St. Veronica Art Teacher Serves as Unofficial Artist
in Residence
By Mary Frances McCarthy
HERALD Staff Writer
(From the Issue of 10/26/06)
When Father Marcus Pollard, pastor, undertook the task of building
St. Veronica Church in Chantilly, he wanted to make sure he was able
to do the most that he could with the money available to the parish.
Many of the furnishings and statues in the church were bought from
old churches that closed or consolidated, but this also meant that
some pieces arrived in less than perfect condition.
Parishioner Debora Lockwood has loved art since she was young. She
was sick as a child and not able to play sports; instead she took
private art lessons.
“Looking back it’s kind of sad, but later on it all works
out like a plan,” she said.
Before St. Veronica Church was built, Masses were celebrated in the
school cafeteria. The parish was looking for a way to make it look
a little more “Catholic.” While on a retreat, Lockwood
saw stained-glass windows suspended from a window frame on chains
and thought the parish could do that to decorate the cafeteria for
Masses. She created 30 Plexiglas tiles that would be changed to correspond
with different liturgical season.
Once the church was built, Father Pollard asked Lockwood to create
panels for the windows behind the altar. She was hesitant at first,
but because the windows are so high off the ground, it’s hard
for people to tell that they aren’t made of glass.

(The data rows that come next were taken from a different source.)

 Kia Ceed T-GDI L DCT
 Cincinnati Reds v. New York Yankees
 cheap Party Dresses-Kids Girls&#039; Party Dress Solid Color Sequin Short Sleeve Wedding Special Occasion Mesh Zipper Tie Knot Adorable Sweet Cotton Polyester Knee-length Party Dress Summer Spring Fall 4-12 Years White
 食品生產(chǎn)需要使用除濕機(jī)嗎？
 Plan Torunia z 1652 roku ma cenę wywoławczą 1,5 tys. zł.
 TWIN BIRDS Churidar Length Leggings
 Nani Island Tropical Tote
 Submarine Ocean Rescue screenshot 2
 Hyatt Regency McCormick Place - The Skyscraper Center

While working on the sanctuary, Father Pollard received a statue of
Mary that was badly damaged. Lockwood had always wanted to work on
statues and wanted to try to repair it and Father Pollard said she
could “as long as it doesn’t look worse than it does now.”

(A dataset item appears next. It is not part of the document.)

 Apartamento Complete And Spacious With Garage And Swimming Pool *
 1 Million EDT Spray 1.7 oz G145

“I had never done statue work before and there’s not much
you can find out about it,” she said.
She finished the statue and repainted it and the repair was satisfactory
enough that Father Pollard asked her to restore a 90-year-old Daprato
crucifix that he bought from a church that was closing.
Lockwood went to the rectory to see the statue with every intention
of turning down the job.
“I remember kneeling down next to it and thinking ‘yes’
and it just happened,” she said.
“People have very good intentions when they paint things,”
she said about the crucifix. “It looked like the Sunday school
class had painted him.” Over the years as the original finish
had cracked and peeled, the statue had been repainted instead of being
correctly refinished. Lockwood spent about 150 hours restoring the
crucifix.
“I want to bring people closer to talking to Him,” she
said. “Bringing some kind of order and beauty into the world
is good with all the disorder we bring into it. I always love to watch
people come in and touch (the statues).”
Lockwood has continued to refinish statues and crucifixes that are
placed throughout the church and school.
“Her artwork, which is twofold — the windows and the restoration
of the statuary — that’s what makes the sanctuary look
sacred,” Father Pollard said. “If people come in and find
it a warm and comfortable place to worship, much of it is a credit
to her work.”
While volunteering to do all this work for the church, St. Veronica
School came to need an art teacher and they asked Lockwood if she
would be willing.
“The first day I was like ‘oh no, I don’t think
so,’ but after that I got very excited getting kids to paint,”
she said.
Lockwood had been a stay-at-home mom since her twins, now fifth-graders,
were born. But she had done a lot of volunteering with Scouts and
the Little Flowers Girls Club and other organizations. “I was
always the ‘craft mom,’” she said.
“I just want them to love (art),” she said. “I think
it’s so important that they value what they have in themselves.
I want to stress how different we all see things and allow them to
work within whatever level they’re at.”